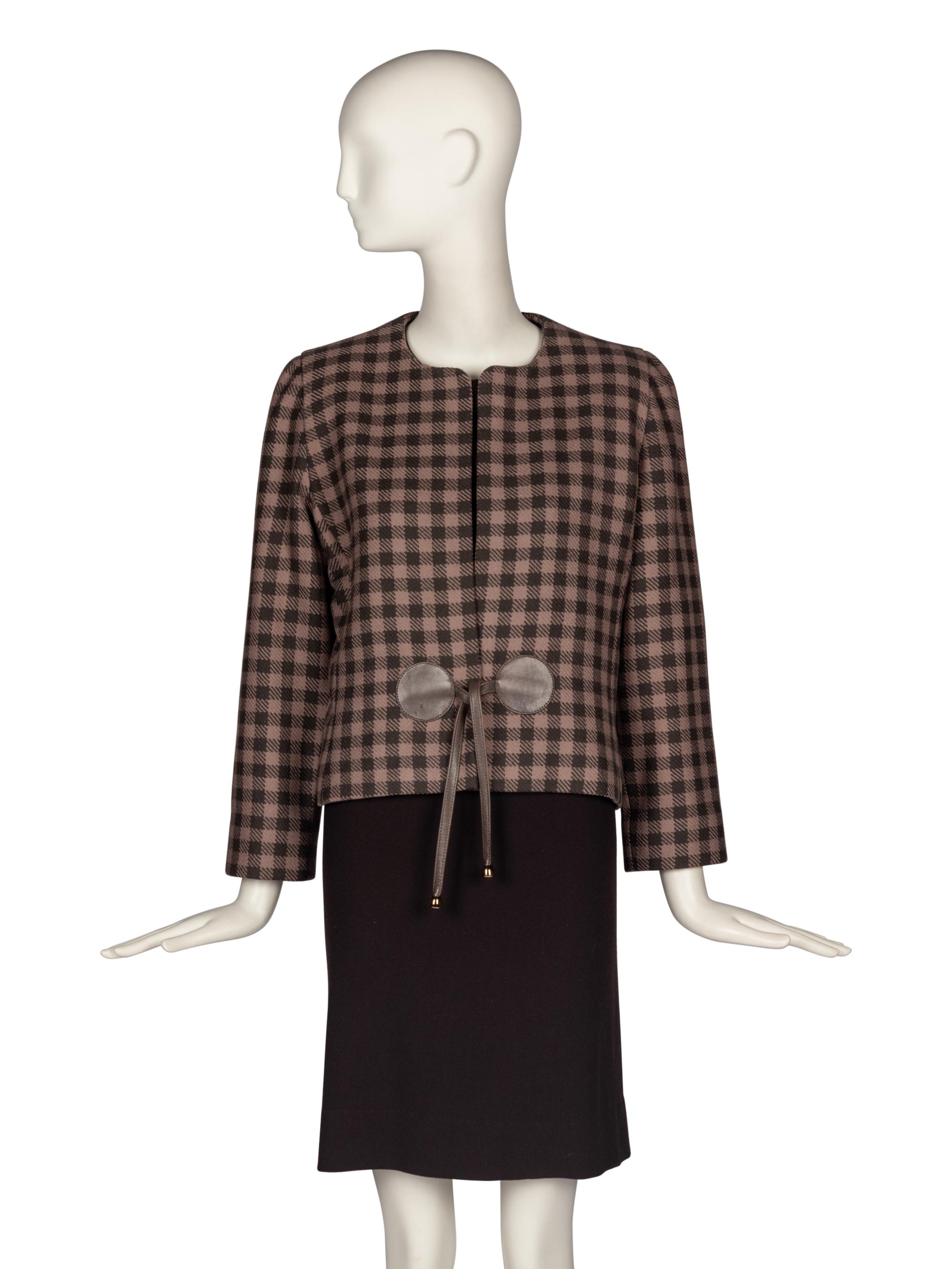 Pierre Cardin Haute Couture Tartan Jacket and Dress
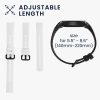 Set 2 Curele pentru Honor Band 5/Band 4, Kwmobile, Negru/Alb, Silicon, 59596.01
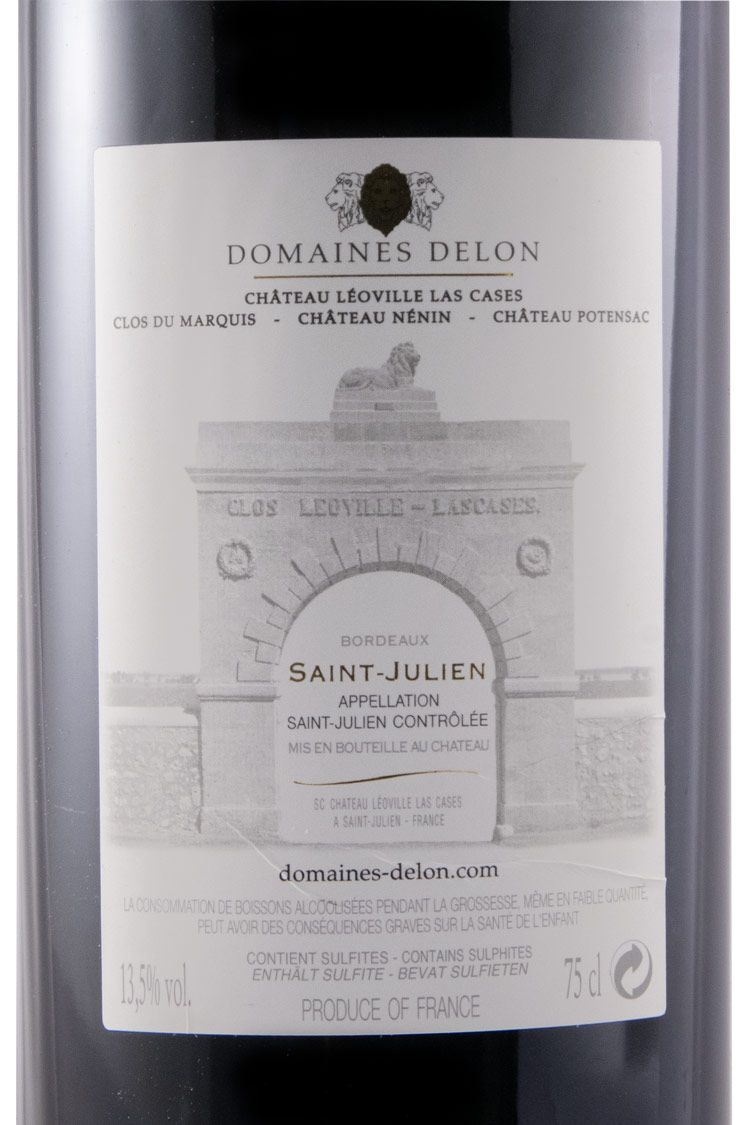2015 Château Léoville Marquis de Las Cases Saint-Julien red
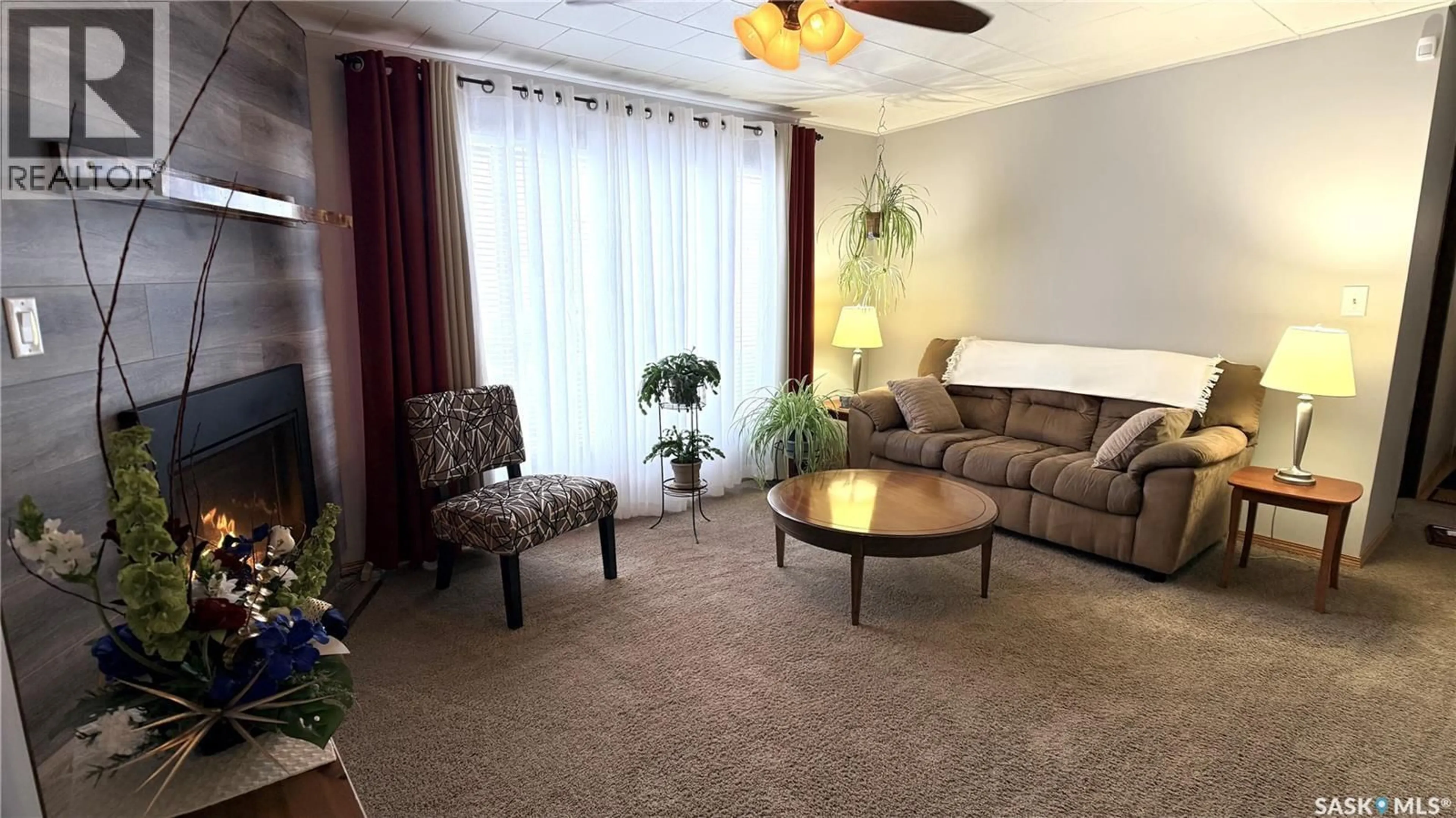 Living room with furniture, carpet floor for 41 ROYAL HEIGHTS, Estevan Saskatchewan S4A2T9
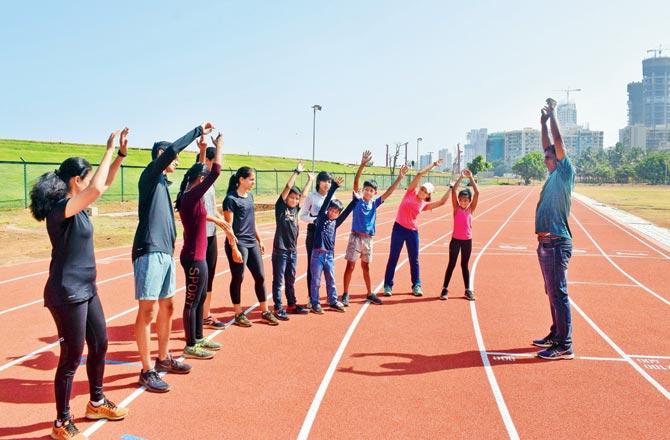 Limbering up on the new track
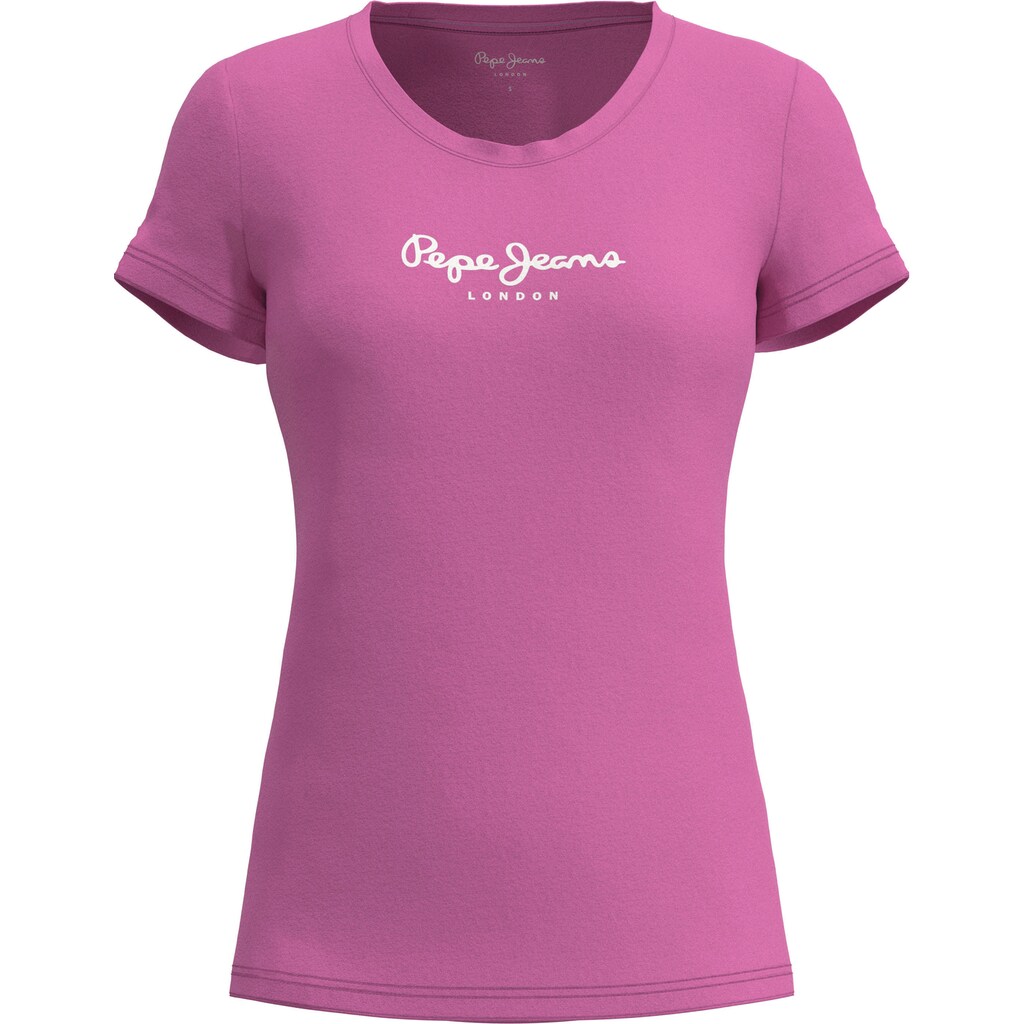 Pepe Jeans T-Shirt »VIOLETTE«, in figurbetonter Passform und in schlichter unifarbener Optik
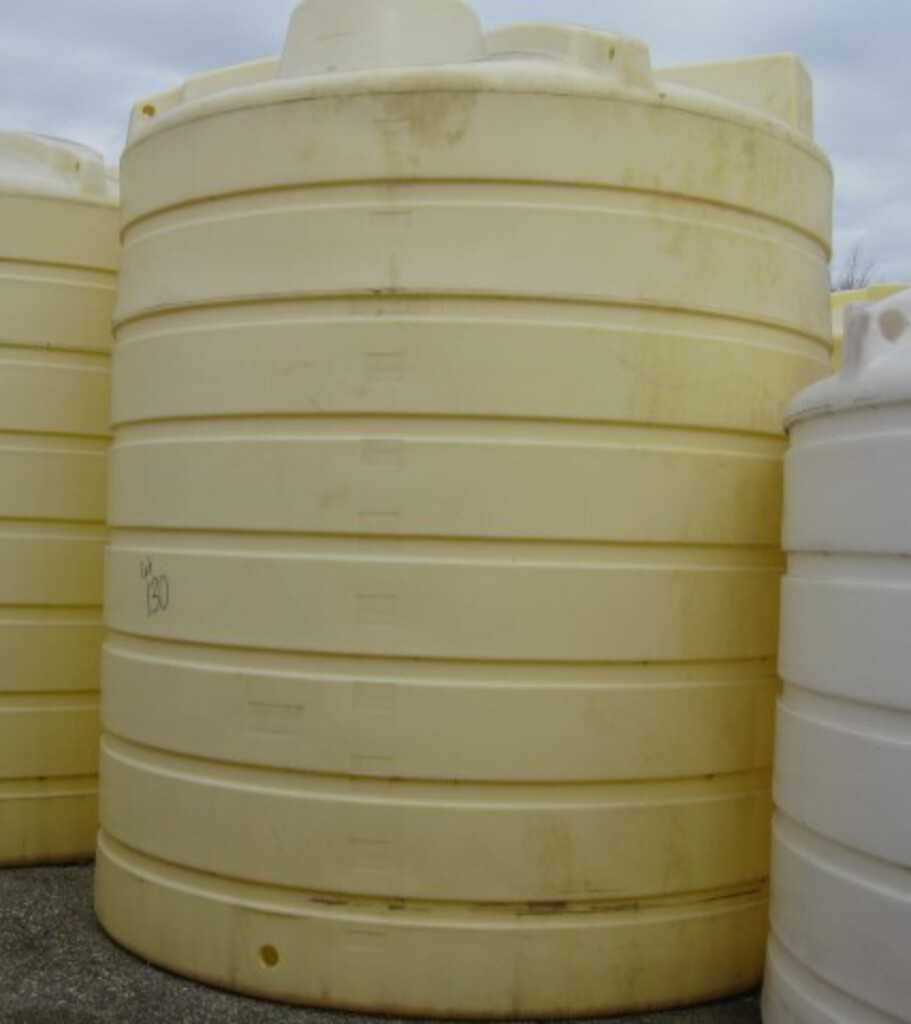 Enduraplas 6250 Gallon Flat Bottom Storage Tank - Model THV06250 - Yellow - Industrial Liquid Storage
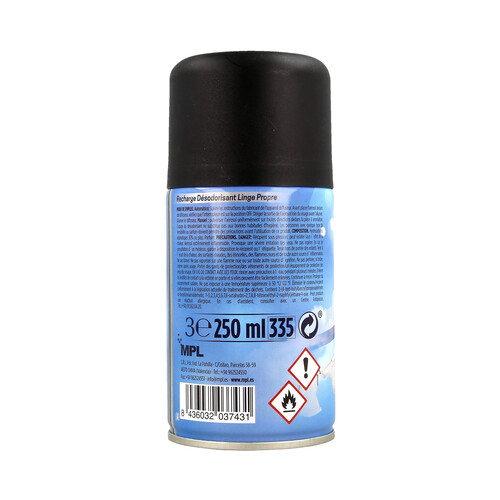 EKOSAN Ambientador recambio , ropa limpia EKOSAN 250 ml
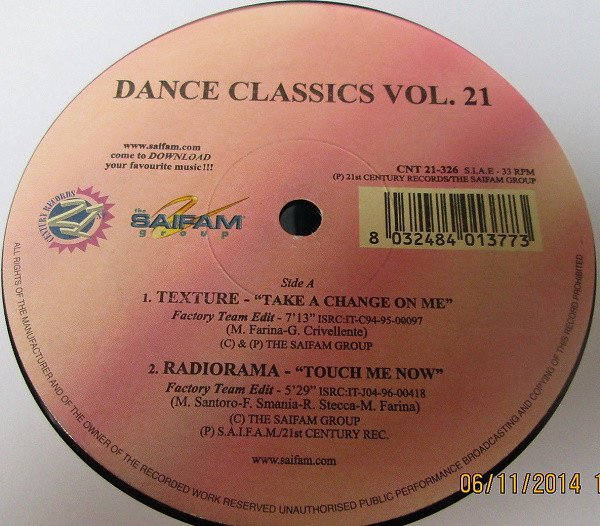 (JR1424) Dance Classics Vol. 21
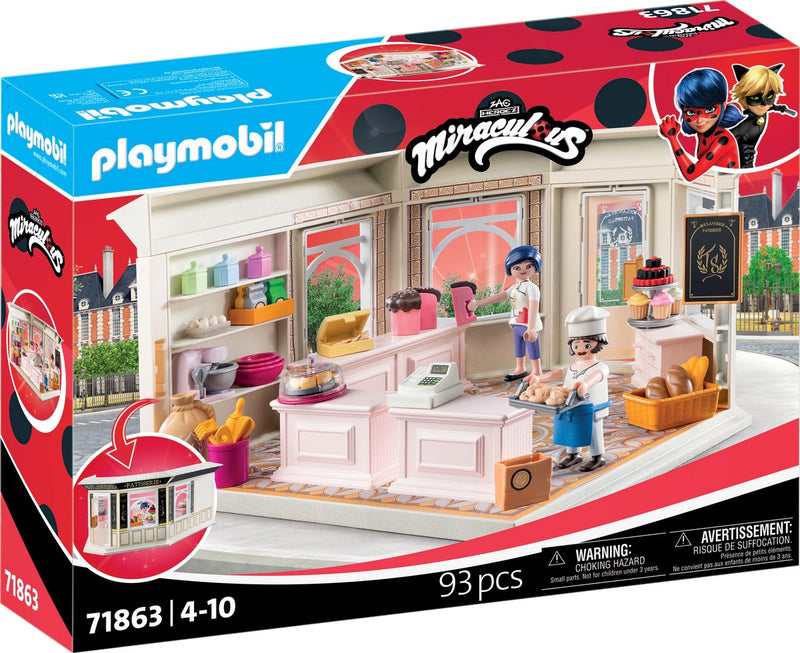Load image into Gallery viewer, Playmobil miraculous franse bakkerij -71863
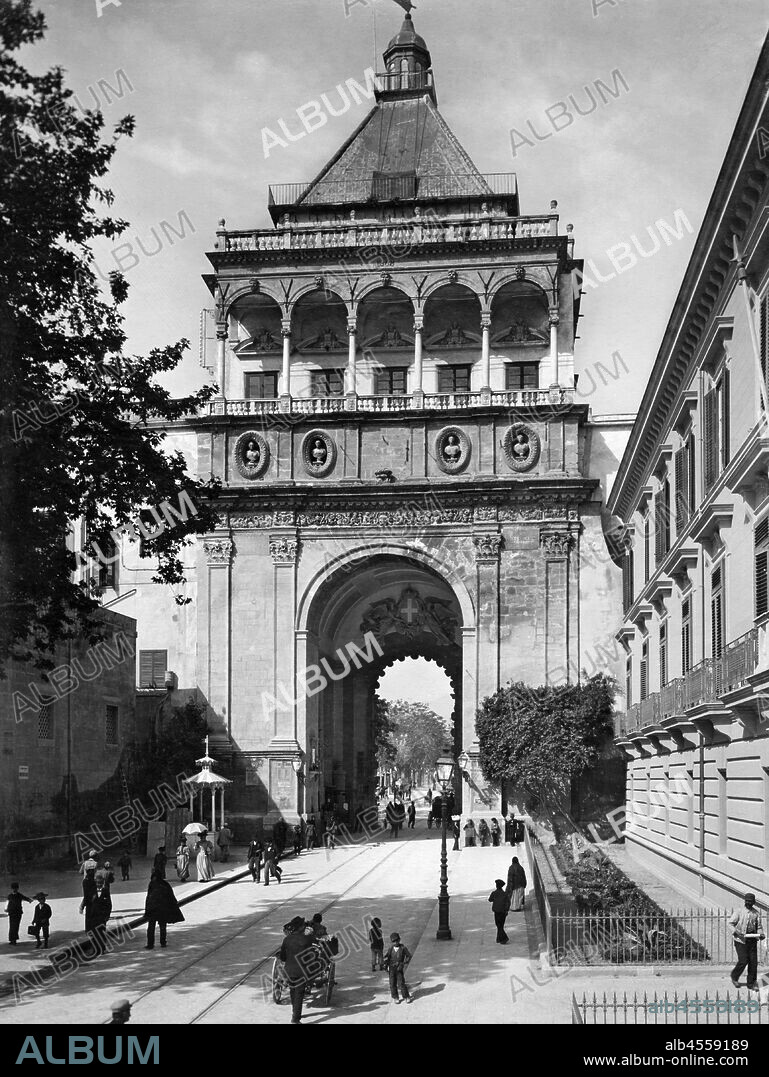 Porta nuova, palermo, sicily, italy 1910-20.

» **PROBLEM STATEMENT**
Now repeat exactly the lines from the one with "Enduraplas 6250 Gallon" through the end of the listing above, both included, omitting all pictures.

» **YOUR SOLUTION**
 Enduraplas 6250 Gallon Flat Bottom Storage Tank - Model THV06250 - Yellow - Industrial Liquid Storage
 EKOSAN Ambientador recambio , ropa limpia EKOSAN 250 ml
 (JR1424) Dance Classics Vol. 21
Load image into Gallery viewer, Playmobil miraculous franse bakkerij -71863
 Porta nuova, palermo, sicily, italy 1910-20.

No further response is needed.